Thanks Jeremy, I think I misunderstood, so does it mean the set_rf_sampels following these lines of code (which does the split_vals to create train and valid ) only does sampling from the X_train data set , is that correct , if thats the case it makes sense to me.
I’m almost done with the DL course and was wondering what benefits there are to learning typical machine learning. Are there many types of datasets/problems where classic machine learning will out perform deep learning? If so, what are some examples? Basically, I’m trying to decide if I should take this course after I complete the DL one, or just continue studying DL.
What are your thoughts on reinforcement learning? Do you have much experience with it?
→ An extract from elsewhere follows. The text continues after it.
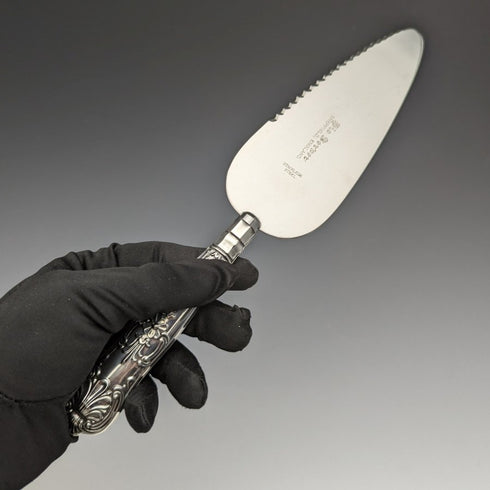 1967 British Vintage Pie Server Sterling Silver Handle Queen's Pattern Paper Box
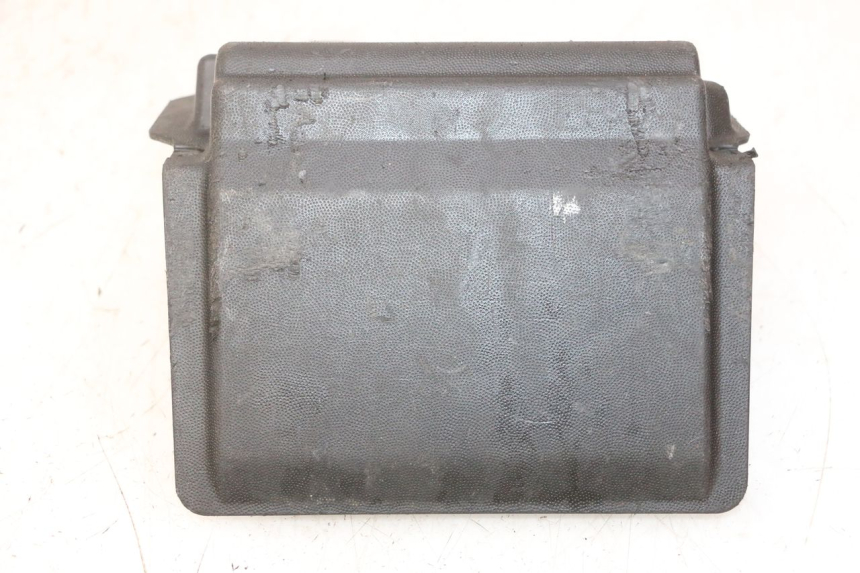 photo de BATTERY COVER PIAGGIO NEW TYPHOON 50 (2010 - 2017) - Technical close-up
Any plans on teaching a course about it?
Our method uses a deep convolutional network trained
to directly optimize the embedding itself, rather than an intermediate
bottleneck layer as in previous deep learning
approaches
Once this embedding has been produced, then the aforementioned
tasks become straight-forward: face verification
simply involves thresholding the distance between the
two embeddings; recognition becomes a k-NN classification
problem; and clustering can be achieved using off-theshelf
techniques such as k-means or agglomerative clustering.
Here DL and ML is used together serving different purposes to produce a working solution
You should definitely take this course next - nearly all the concepts are directly applicable to what you’ve learnt and will make you a better DL practitioners.
There’s still a lot of doubt about whether RL is actually doing anything useful. Random search is nearly just as good for many of the things it’s been used for. So I’m holding off teaching anything about this until we have some genuine best practices to teach.
@parrt and friends have just written a new article on feature importance in random forests. Would love to get your feedback on this draft - let us know if anything is unclear, you spot any mistakes, etc.
Please don’t share on social media yet, until we’ve fixed up any little issues!
@jeremy Hello Jeremy, I have a question regarding the fast.ai library.
So after I used train_cats into a dataframe df, such as:
train_cats(df_raw)
I basically substitute the categorical variables by numerical variables.
As far as I understood, the previous categories contained in the dataframe are replaced in place but, if I want to retrieve them later, more precisely to substitute them back into the dataframe, there is no easy way of doing that, since I have no explicit mapping between numerical and categorical values.
Could you give a few pointers on how this can be achieved?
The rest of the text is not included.